How this is usefull??


Erm... it defines a type alias for a struct type? How else would it be
useful? It means that instead of referring to that type as struct
apr_pool_t, you can now do so using just apr_pool_t. Saves a whole
whopping seven characters. Personally, I never bother unless I want to
hide the underlying type, but there are those who prefer this.

Richard
Nov 15 '05 #2

P: n/a
On 28 Oct 2005 04:57:16 -0700, "hotadvice" <am******@gmail.com> wrote:
hi all

I was just browsing some code(actually apache)

and i found this :

typedef struct apr_pool_t apr_pool_t

How this is usefull??
Thanx in advance

Aman Aggarwal


I'll be whipped for mentioning it, butusing this typedef you can write
the rest of the references to this struct in a way compatible both to
C and C++.

Please, do not beat me too much for naing Satan in tthis Temple... ;-)
Nov 15 '05 #3

P: n/a
hotadvice wrote:
I was just browsing some code(actually apache)
and i found this : typedef struct apr_pool_t apr_pool_t How this is usefull??


(Not at all without the missing semicolon.)
It saves typing the characters 'struct ' in declarations of 'struct
apr_pool_t' objects.

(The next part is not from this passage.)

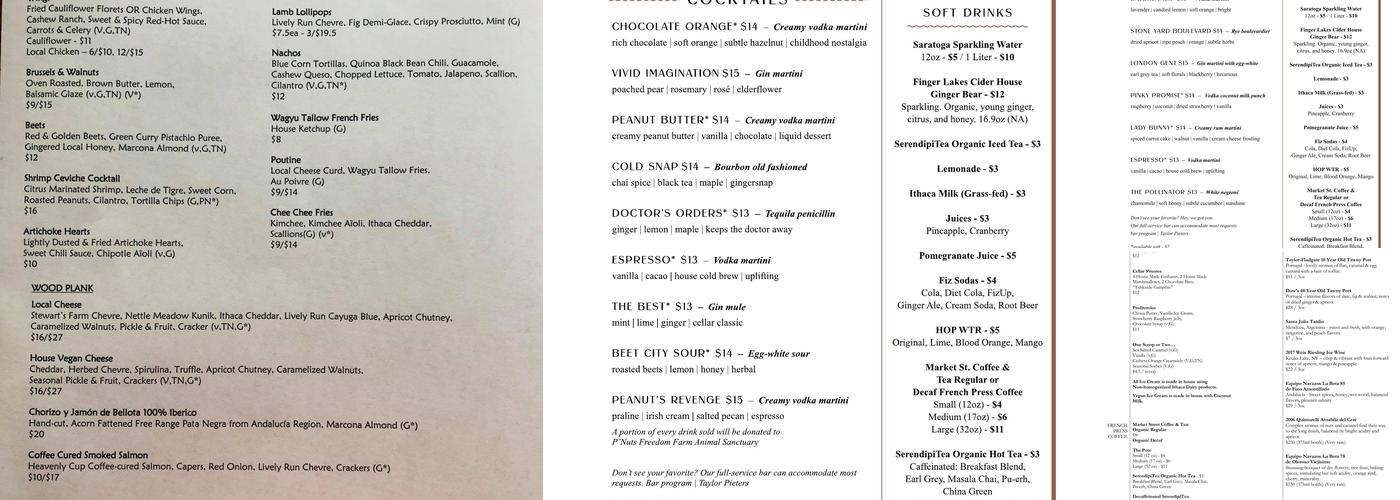 The Cellar Menu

If avoiding typing a few characters seems useful
to you, then the typedef begins to be useful if you use this type more
than 5 times (since typing the typedef itself must be offset).
Nov 15 '05 #4

P: n/a
On Fri, 28 Oct 2005 13:27:34 GMT, Zara <yo****@terra.es> wrote:
On 28 Oct 2005 04:57:16 -0700, "hotadvice" <am******@gmail.com> wrote:
typedef struct apr_pool_t apr_pool_t

I'll be whipped for mentioning it, butusing this typedef you can write
the rest of the references to this struct in a way compatible both to
C and C++.

Compatible with the usual and arguably preferred C++ style.

C++ does (also) allow you to use the C-like form, which it calls an
elaborated-type-specifier -- struct foo, class foo, union foo, or enum
foo -- as well as just foo. And in name conflict cases that are
arguably bad style anyway it requires it, as C always does.